**STORED DATA:**
^^^^^^^^^^^^^^^^
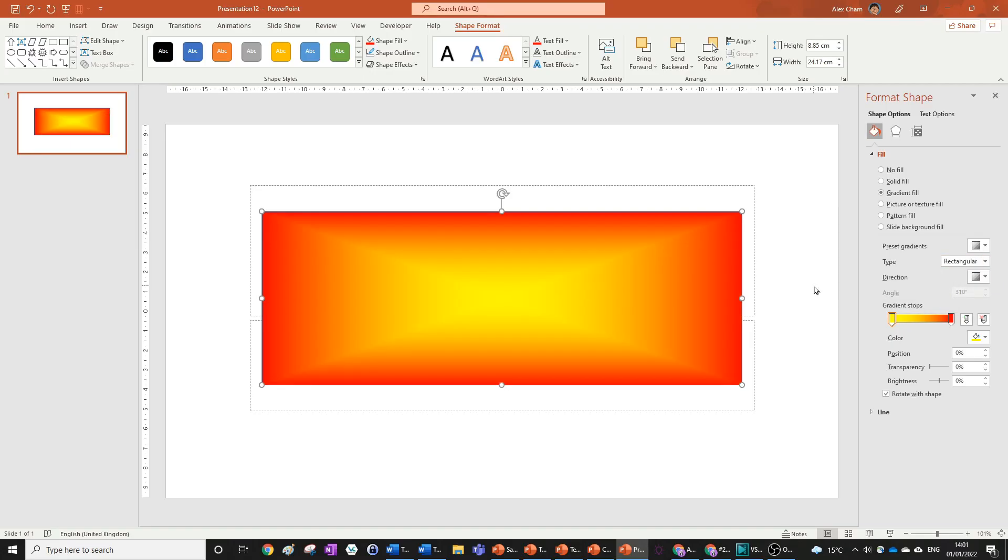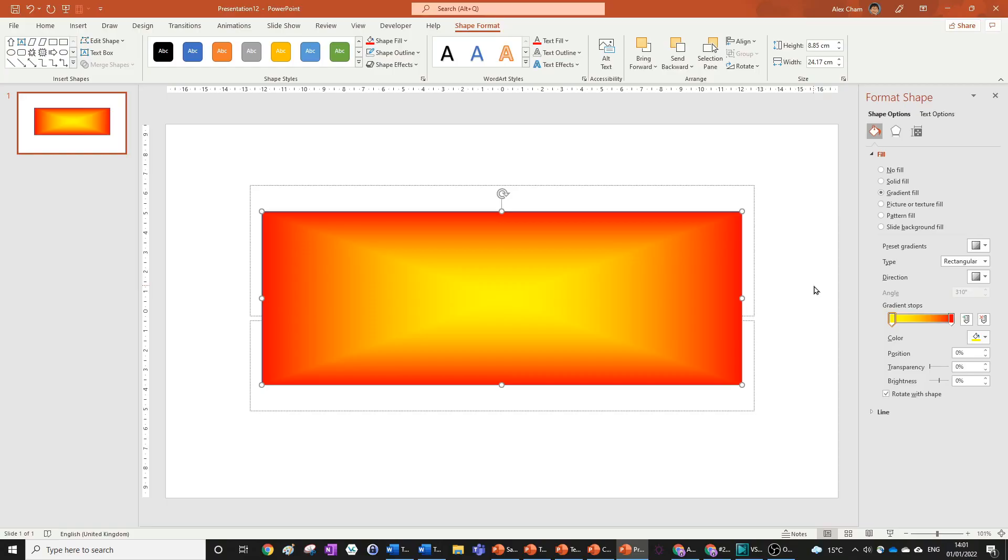So that's how you get a gradient in PowerPoint. This also works for text and lines, like the outline of a shape. If you found this tutorial helpful, make sure to leave a like and subscribe. Thank you for watching, and I'll see you next time.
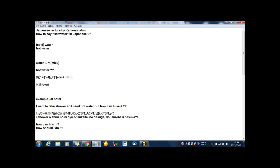And by the way, if you want to say cold water, cold water in Japanese: 冷たい水, tsumetai mizu.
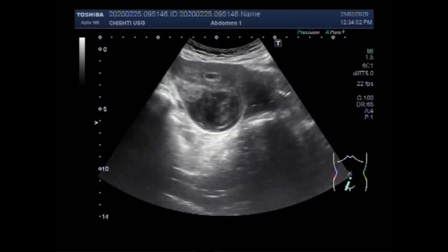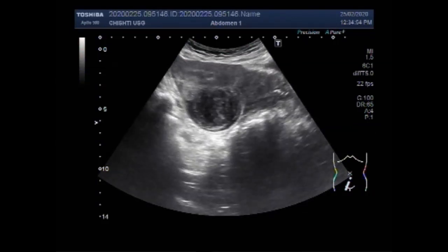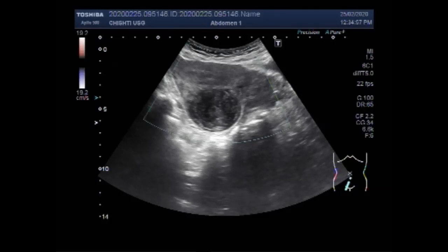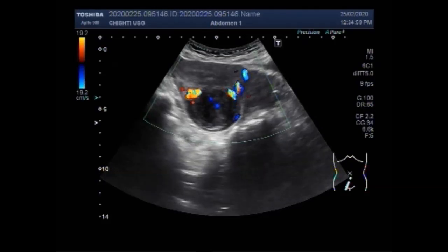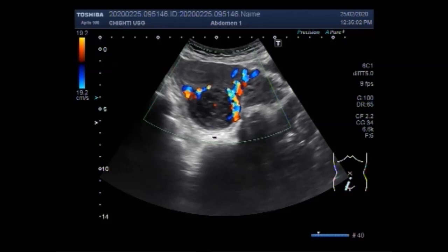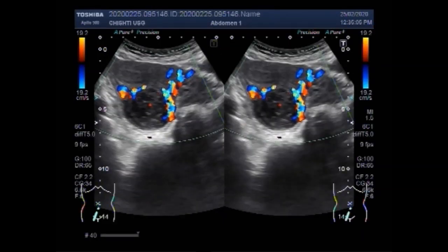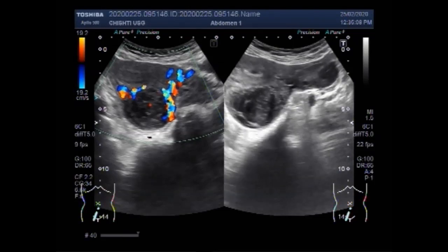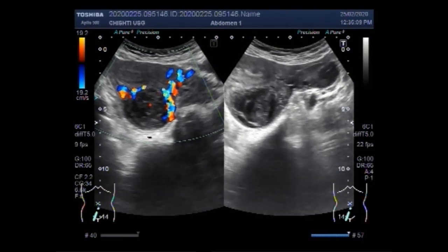Vigorous blood flow is seen in the mass, which is heterogeneous. Blood flow in the rim region is visible along with blood flow in the center portion of the mass.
^^^^^^^^^^^^^^^^
**WHAT YOU ARE ASKED TO DO:** Lines from the one that contains "And by the way, if" through the last line of the data above are to be extracted exactly, with no pictures and no other lines.

**ANSWER TO THE EXERCISE:**
And by the way, if you want to say cold water, cold water in Japanese: 冷たい水, tsumetai mizu.
Vigorous blood flow is seen in the mass, which is heterogeneous. Blood flow in the rim region is visible along with blood flow in the center portion of the mass.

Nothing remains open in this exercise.